Configure flume and kafka connections

cd /usr/flume/apache-flume-1.6.0-bin/conf/
echo "#Configure the source, channel and sink of flume agent
a1.sources = r1
a1.channels = c1
a1.sinks = k1
#Configure source
a1.sources.r1.type = exec
a1.sources.r1.command = tail -F /tmp/logs/kafka.log

#Configure channel
a1.channels.c1.type = memory
a1.channels.c1.capacity = 1000
a1.channels.c1.transactionCapacity = 100

#Configure sink
a1.sinks.k1.channel = c1
a1.sinks.k1.type = org.apache.flume.sink.kafka.KafkaSink

#Configure Kafka's Topic
a1.sinks.k1.kafka.topic = mytest
#Configure the broker address and port number of kafka
a1.sinks.k1.brokerList = matser:9092,slave1:9092,slave2:9092
#Configure the number of batch submissions
a1.sinks.k1.kafka.flumeBatchSize = 20
a1.sinks.k1.kafka.producer.acks = 1
a1.sinks.k1.kafka.producer.linger.ms = 1
a1.sinks.k1.kafka.producer.compression.type = snappy
#Bind source and sink to channel
a1.sources.r1.channels = c1
a1.sinks.k1.channel = c1" >> kafka.properties

Stepping pit

report errors

(conf-file-poller-0) [ERROR - org.apache.flume.node.AbstractConfigurationProvider.loadSinks(AbstractConfigurationProvider.java:427)] Sink k1 has been removed due to an error during configuration
org.apache.flume.conf.ConfigurationException: brokerList must contain at least one Kafka broker
	at org.apache.flume.sink.kafka.KafkaSinkUtil.addDocumentedKafkaProps(KafkaSinkUtil.java:55)
	at org.apache.flume.sink.kafka.KafkaSinkUtil.getKafkaProperties(KafkaSinkUtil.java:37)
	at org.apache.flume.sink.kafka.KafkaSink.configure(KafkaSink.java:211)
	at org.apache.flume.conf.Configurables.configure(Configurables.java:41)

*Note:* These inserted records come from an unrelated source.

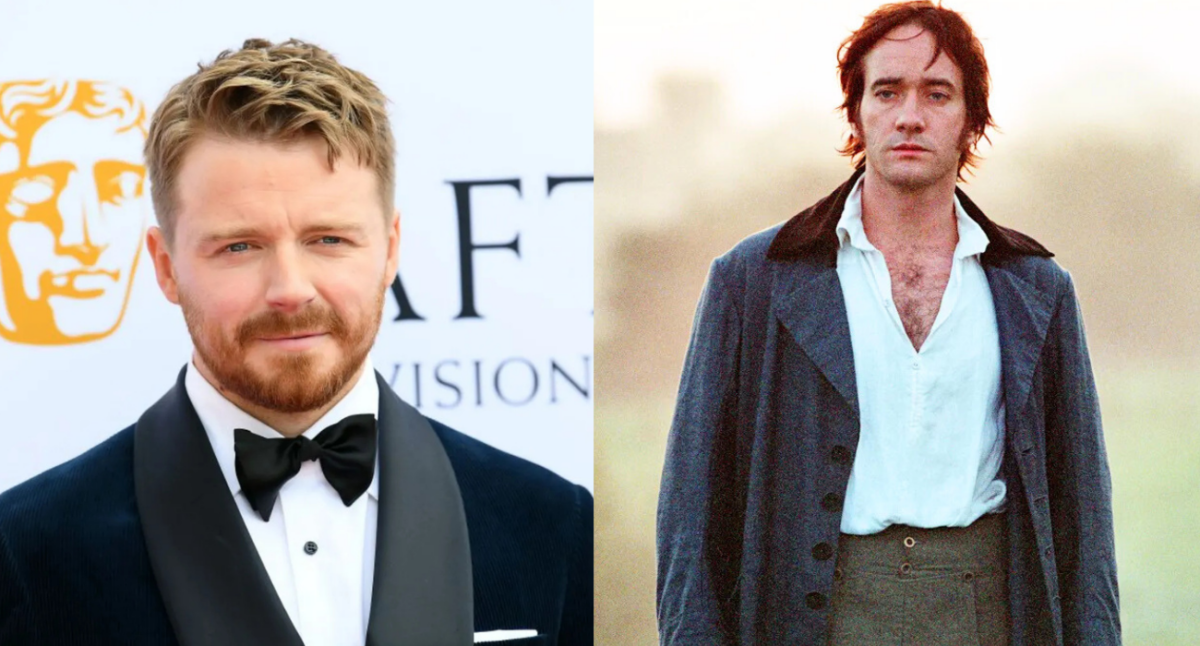 Jack Lowden as Mr Darcy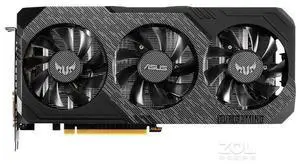 ASUS TUF GeForce GTX1660-O6G-GAMING OC Video Card GeForce GTX 1660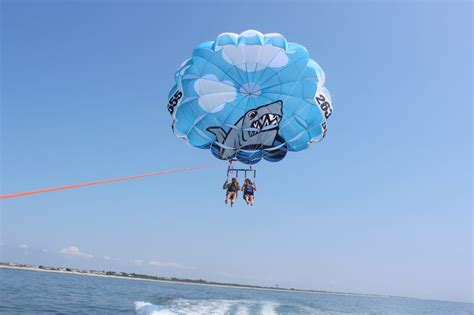 sea isle city parasailing  By Trish Hartman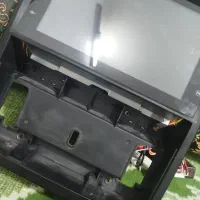 مانیتور سورن پلاس فابریک 7اینچ با قاب مخصوص سورن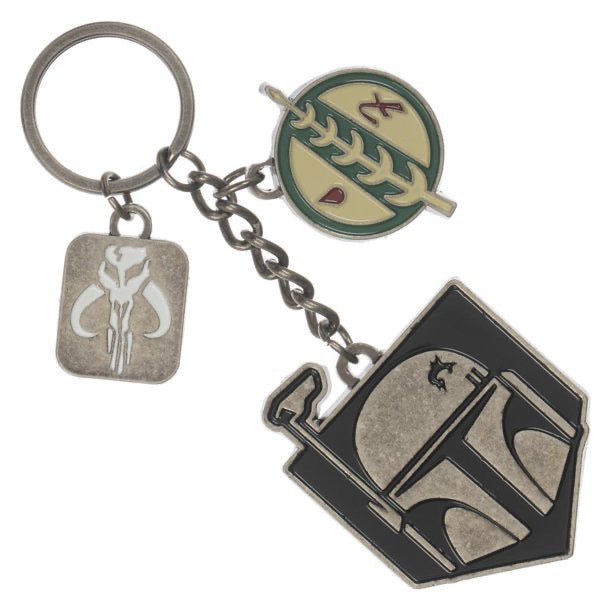 Boba Fett keychain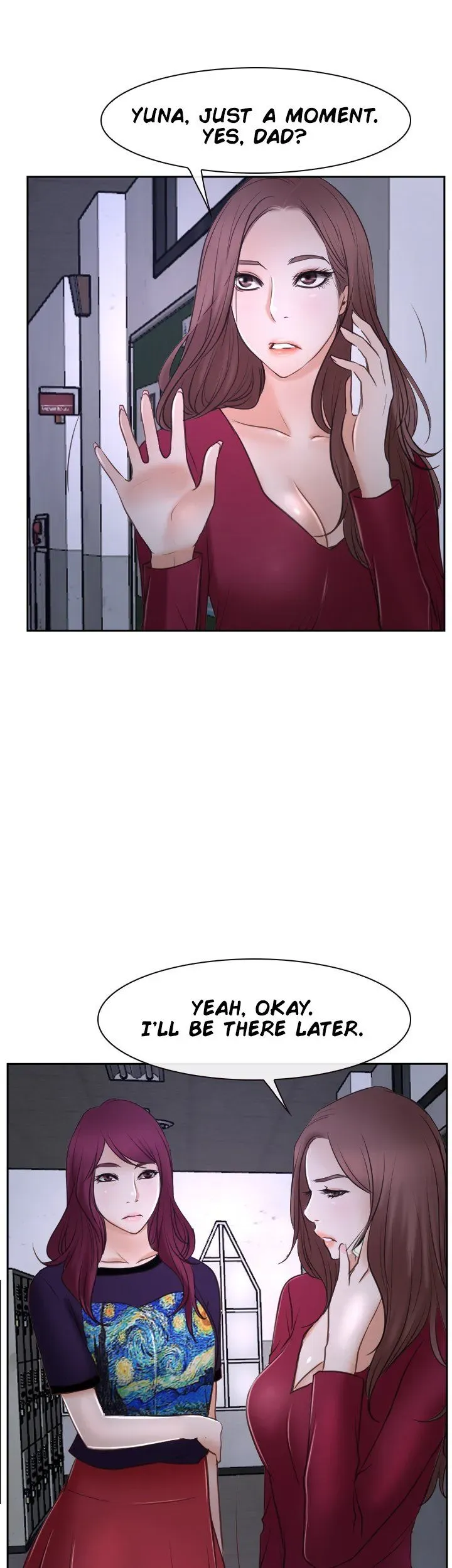 Hidden Feeling Chapter 35 page 37 - 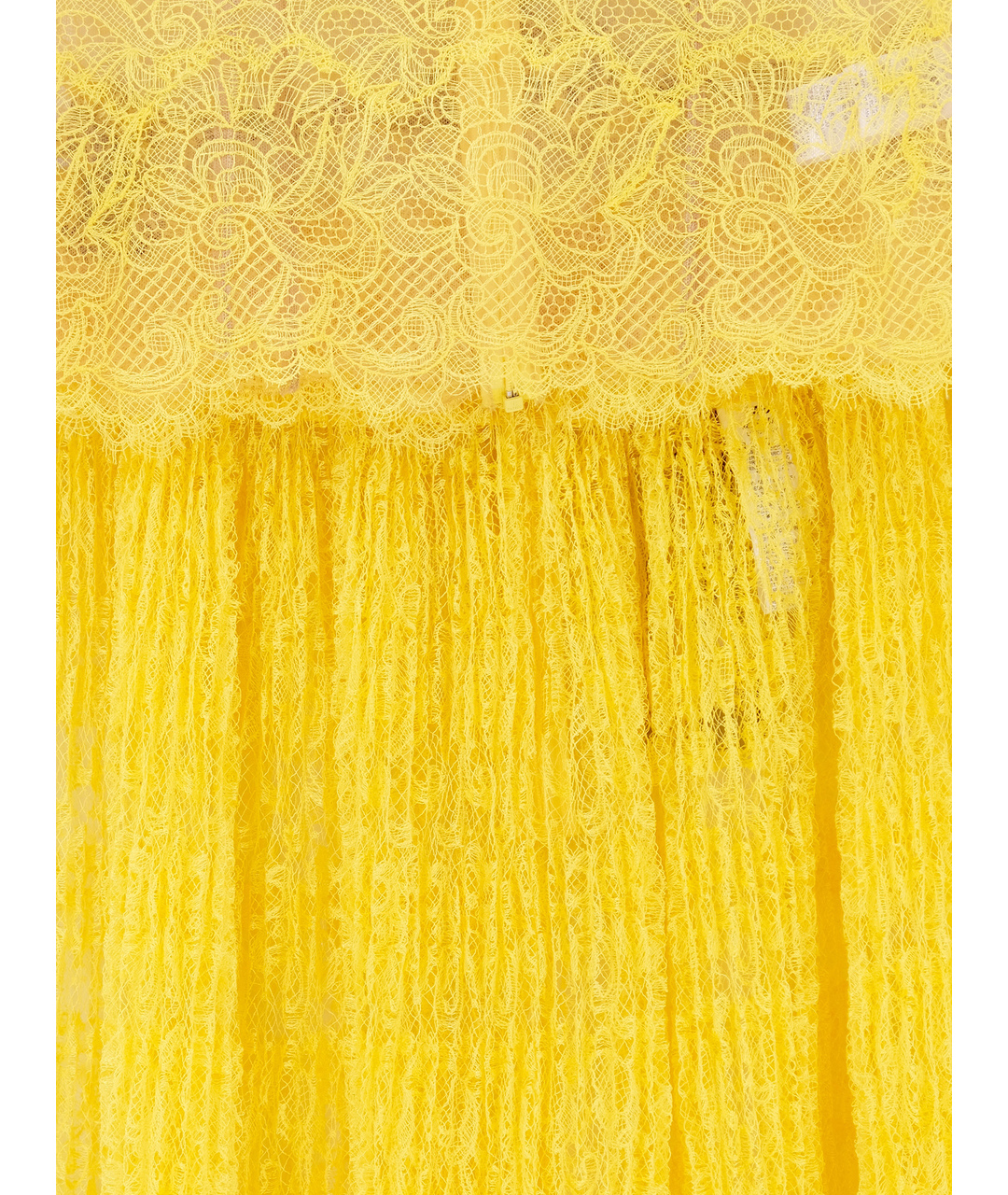 ERMANNO SCERVINO Желтый костюм с брюками, фото 4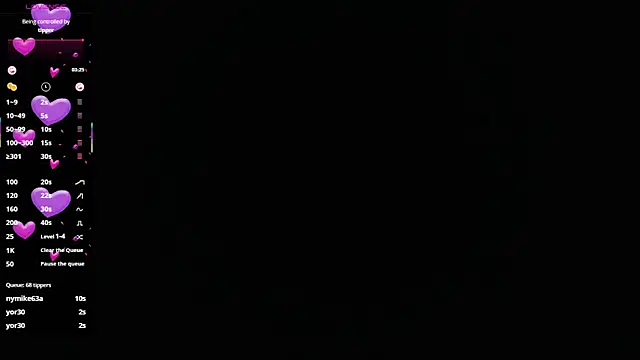 Savannahcruzz webcam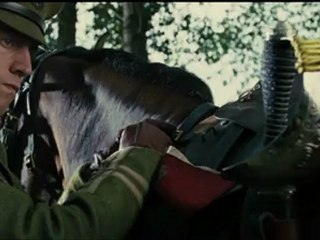 Cheval de Guerre - Extrait - Prêts à charger VF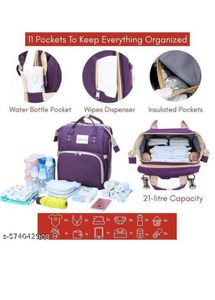 Diaper bag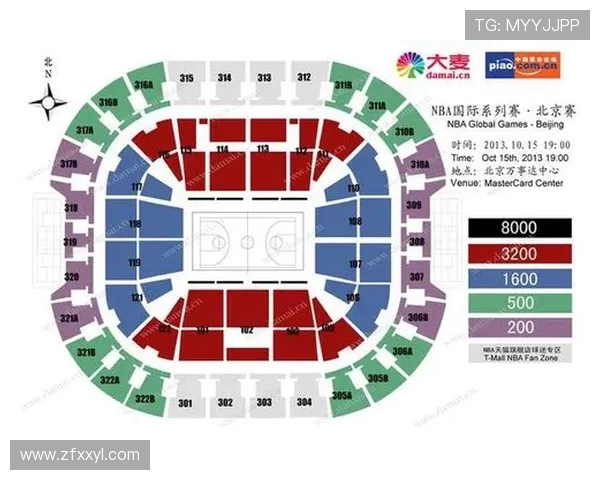 如何在线订票观看NBA比赛:平台与流程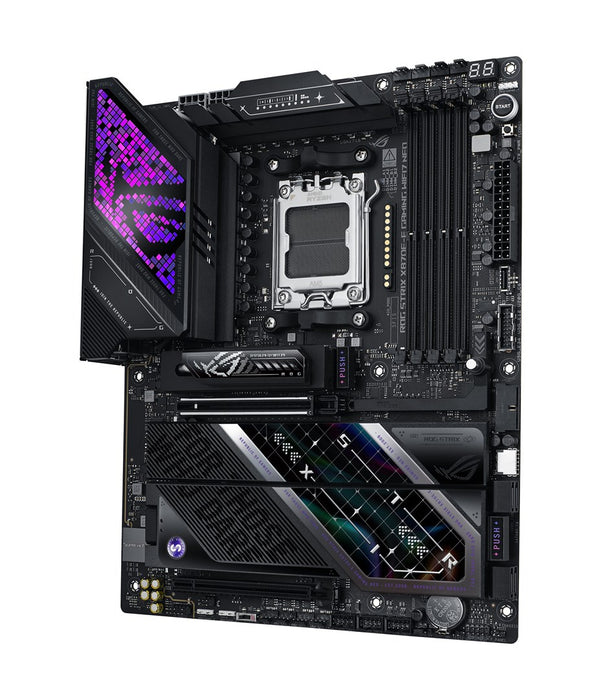 ASUS ROG STRIX X870E-E GAMING WIFI7 NEO AMD X870E Socket AM5 ATX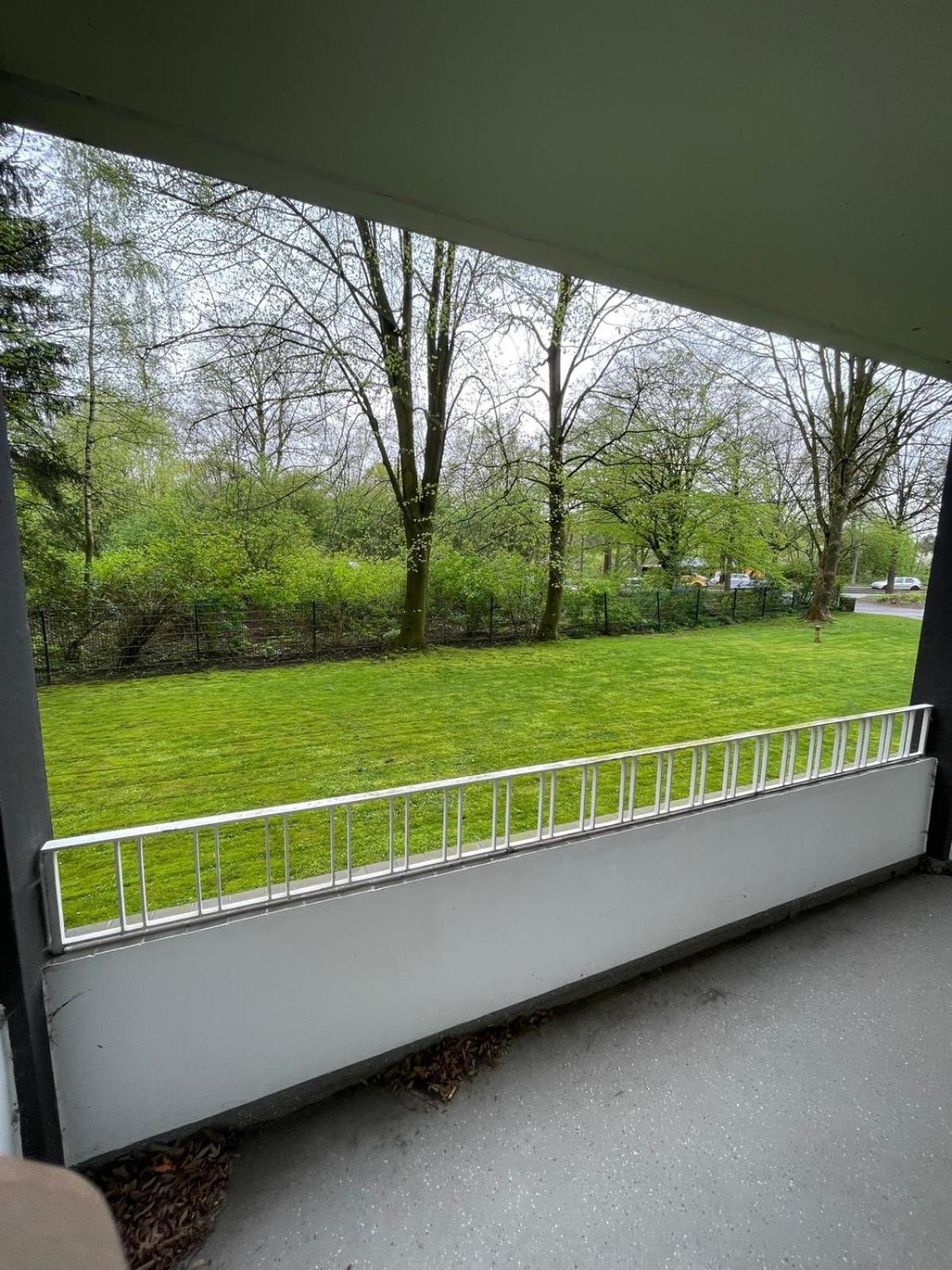 Gemuetliche, Moderne Wohnung Fuer 2-4 Personen Hamburgo Exterior foto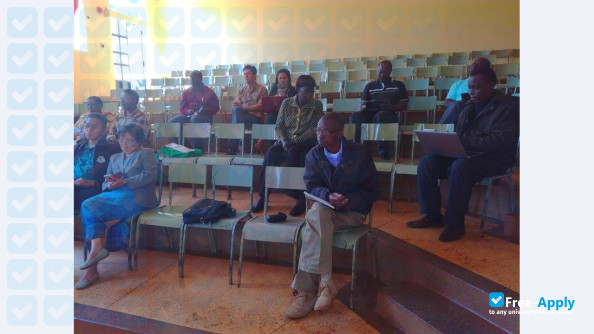 University of Eastern Africa Baraton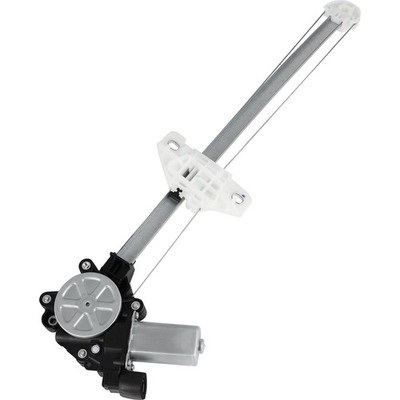 For Honda Fit 2015-2020 Rear Right Power Window Regulator & Motor Assembly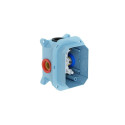 Pre-wall mixer box RAVAK R-box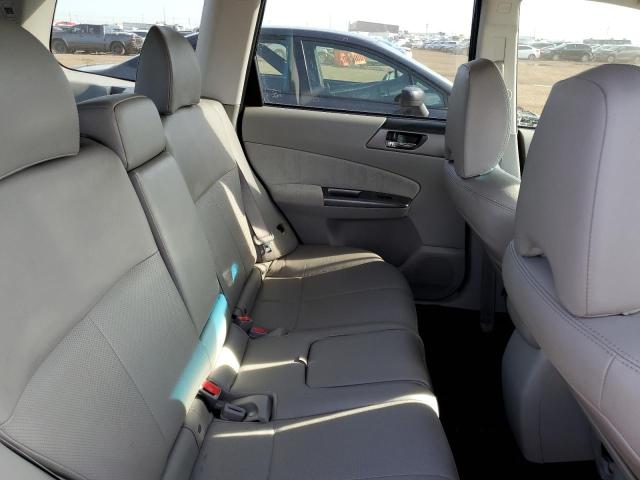 JF2SHBGC7CH417930 - 2012 SUBARU FORESTER TOURING 石墨色 照片 11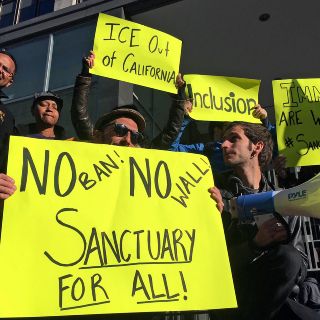 Aprueban en San Diego moción contra ley "santuario" en California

Configuration in kafka.properties file
A1.sins.k1.kafka.bootstrap.servers (written in version 1.7 +)
A1.sins.k1.brokerlist (version 1.6)

Create directory

mkdir -p /tmp/logs
touch /tmp/logs/kafka.log

Create script

vim kafkaoutput.sh

//Add the following

echo "kafka_test-"+$i >> /tmp/logs/kafka.log

  Script empowerment

chmod 777 kafkaoutput.sh

Create topic in kafka node

Premise zookpeer, kafka start

  Create topic

On master only

kafka-topics.sh --create --zookeeper master:2181 --replication-factor 3 --partitions 1 --topic mytest

  Open the console

kafka-console-consumer.sh --bootstrap-server master:9092,slave1:9092,slave2:9092 --from-beginning --topic mytest

Start test

flume-ng agent --conf /usr/flume/apache-flume-1.6.0-bin/conf/ --conf-file /usr/flume/apache-flume-1.6.0-bin/conf/kafka.properties -name a1 -Dflume.root.logger=INFO,console


Execute script

sh kafkaoutput.sh

View in kafka

cat /tmp/logs/kafka.log


spark installation and deployment

Please move spark installation Refer to completing spark installation and deployment.

At the end of the full text, one day, so many components were deployed on the cluster for the first time, and there were mutual docking configurations. They kept reporting and troubleshooting errors. Finally, it was completed!

Eye pain!!!

The next period of time to prepare for the game! Come on!